# Records to process:
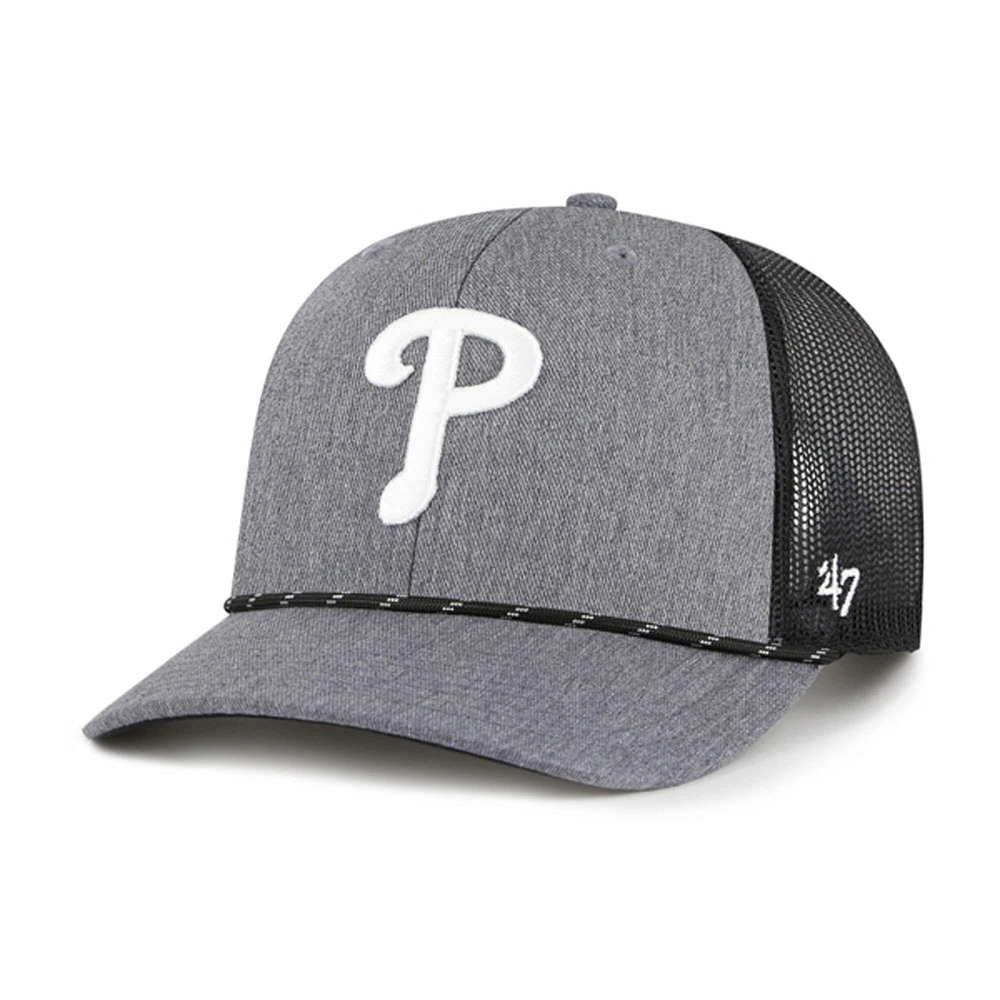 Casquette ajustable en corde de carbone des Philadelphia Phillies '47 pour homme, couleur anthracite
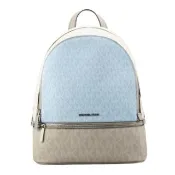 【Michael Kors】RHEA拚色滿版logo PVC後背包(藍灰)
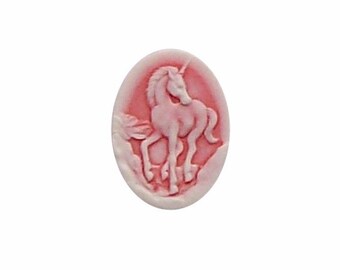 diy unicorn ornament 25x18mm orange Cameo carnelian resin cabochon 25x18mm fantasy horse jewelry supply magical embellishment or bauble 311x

==

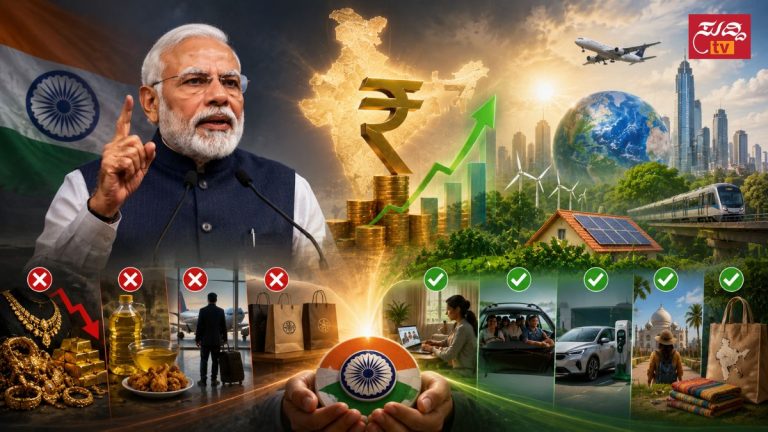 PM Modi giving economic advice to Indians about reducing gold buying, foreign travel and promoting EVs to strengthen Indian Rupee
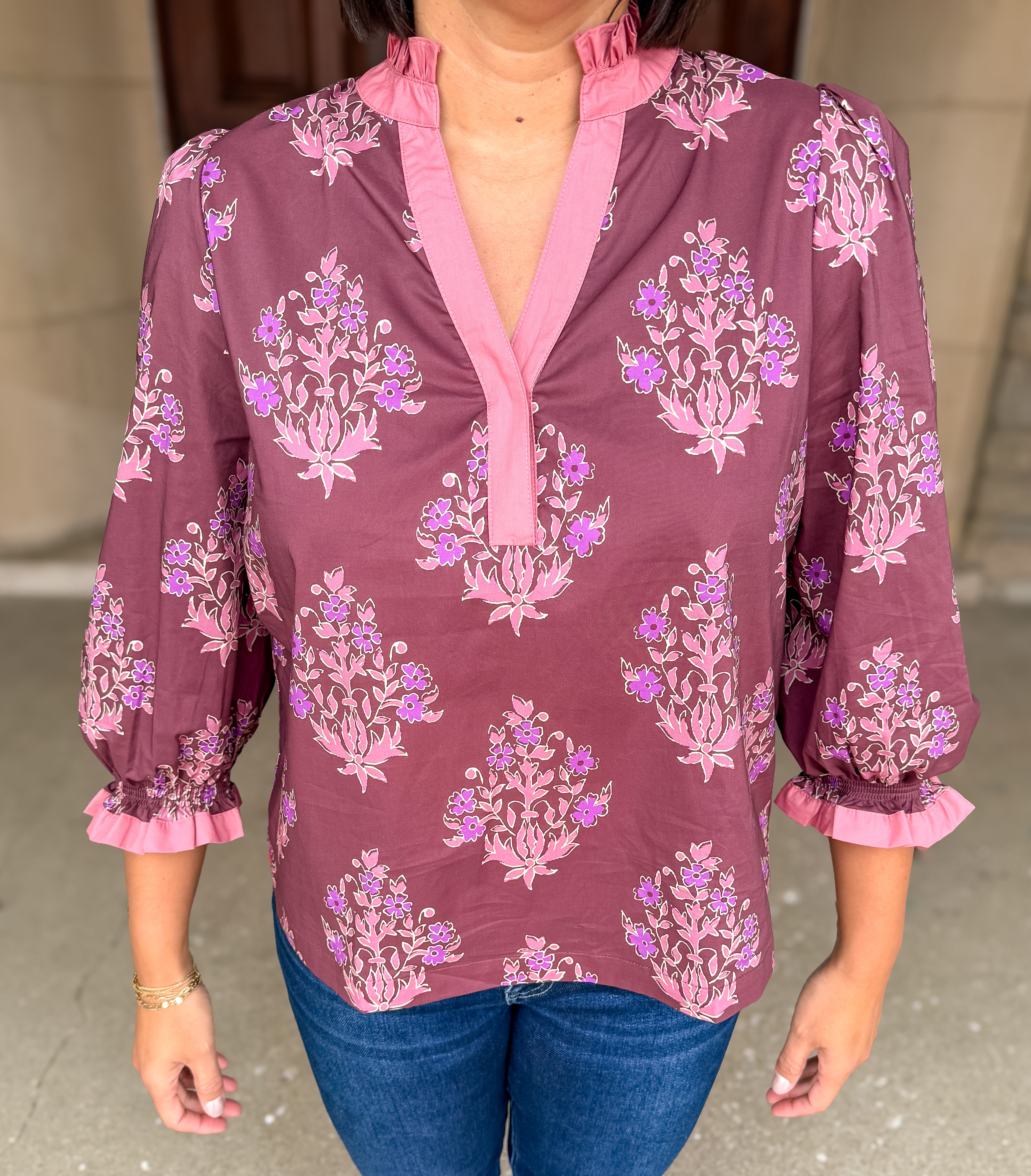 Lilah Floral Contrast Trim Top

---

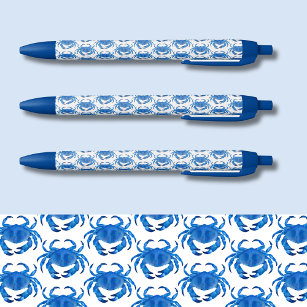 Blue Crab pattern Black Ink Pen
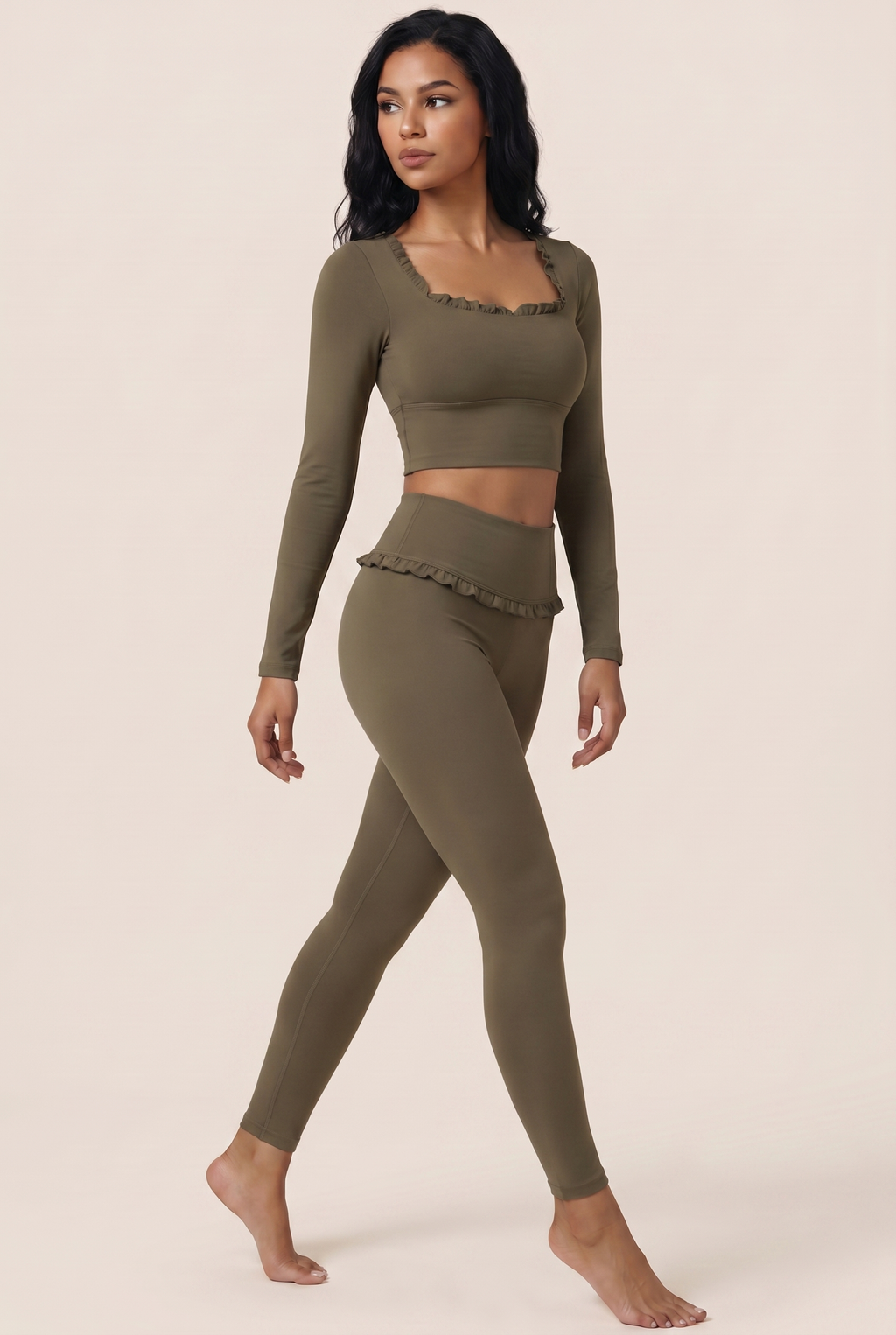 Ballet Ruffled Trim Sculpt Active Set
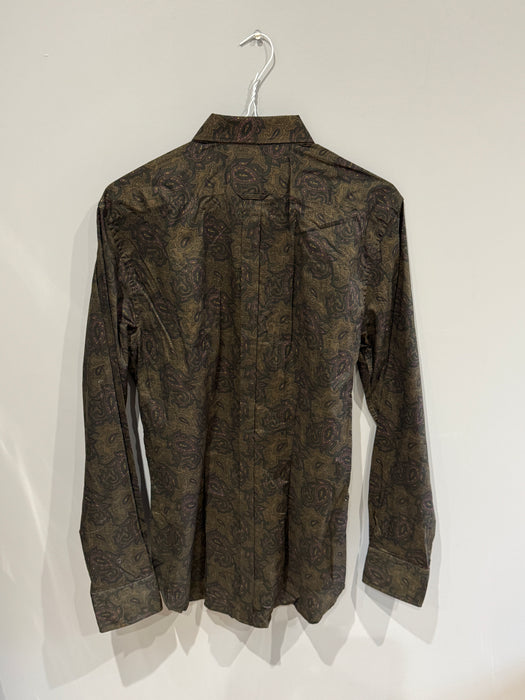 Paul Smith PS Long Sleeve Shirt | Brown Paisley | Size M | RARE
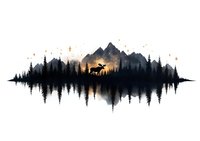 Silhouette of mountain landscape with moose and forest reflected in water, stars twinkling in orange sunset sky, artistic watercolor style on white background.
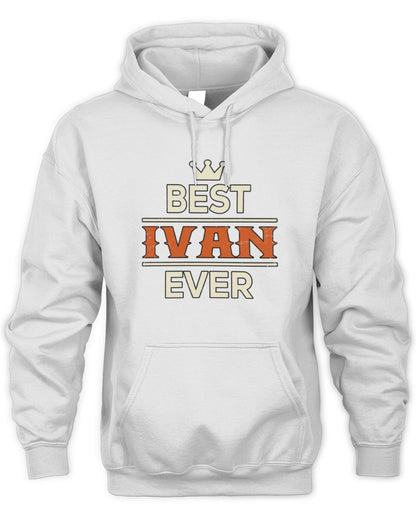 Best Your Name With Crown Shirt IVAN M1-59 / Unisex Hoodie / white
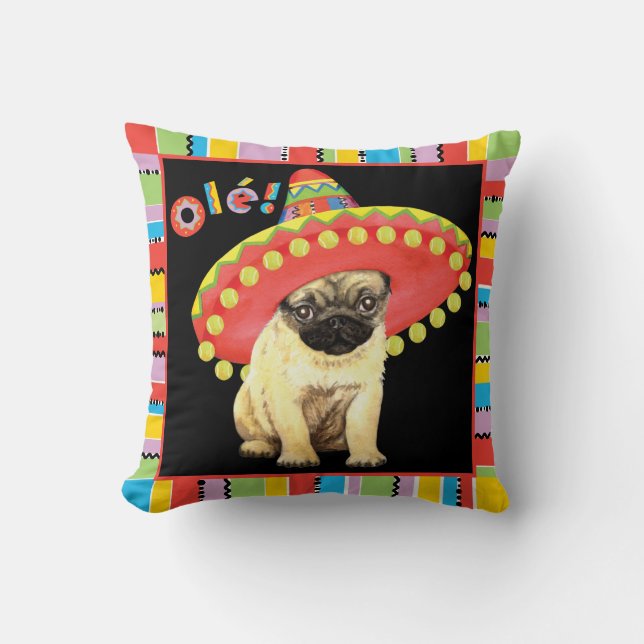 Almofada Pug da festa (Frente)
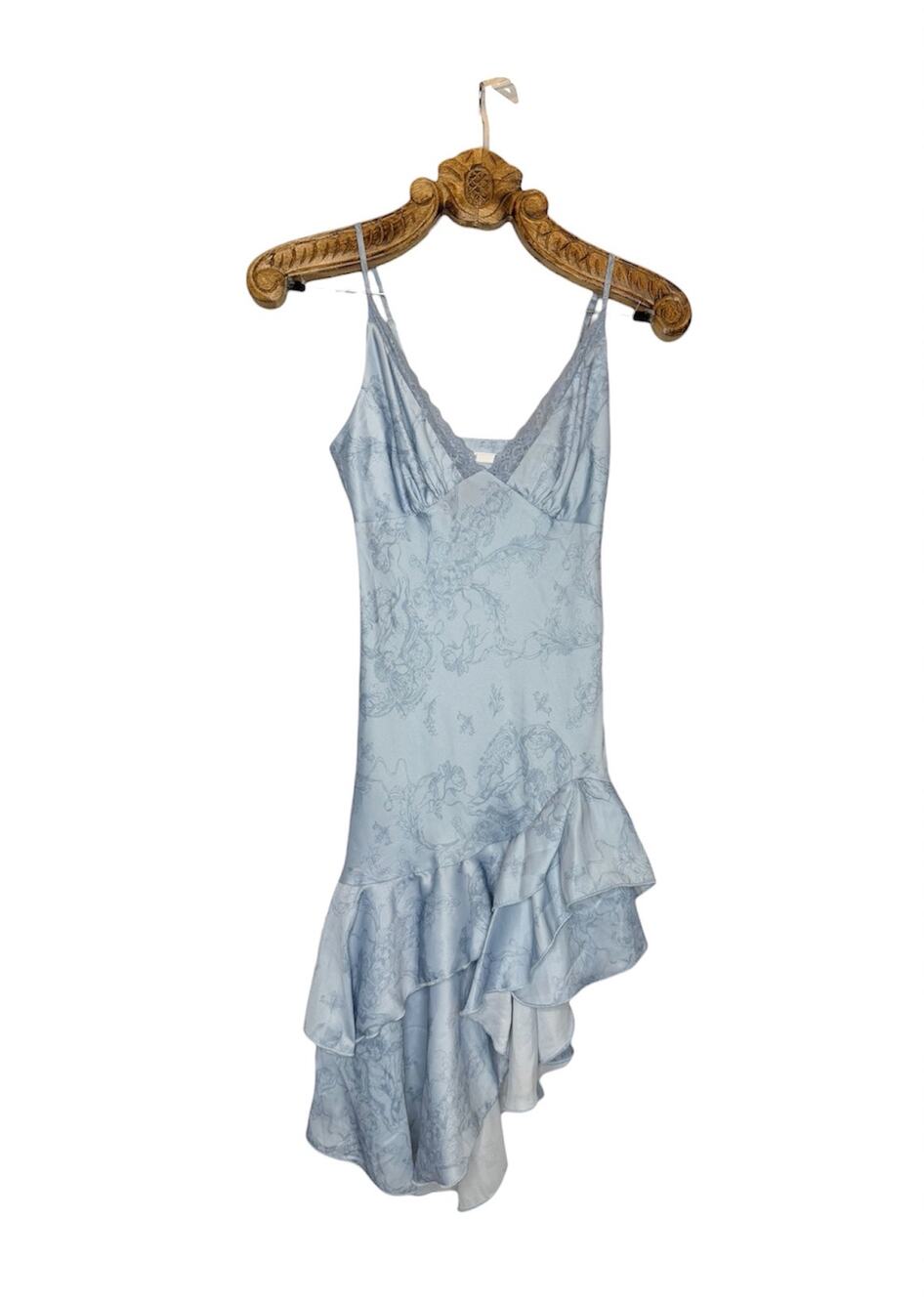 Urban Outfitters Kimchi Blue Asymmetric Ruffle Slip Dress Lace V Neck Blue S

# Work to be completed:
Among the entries above, take the lines from the one with "PM Modi giving" through the one with "Lilah Floral Contrast Trim Top" and retype them exactly, leaving out the pictures.

# Answer box:
 PM Modi giving economic advice to Indians about reducing gold buying, foreign travel and promoting EVs to strengthen Indian Rupee
 Lilah Floral Contrast Trim Top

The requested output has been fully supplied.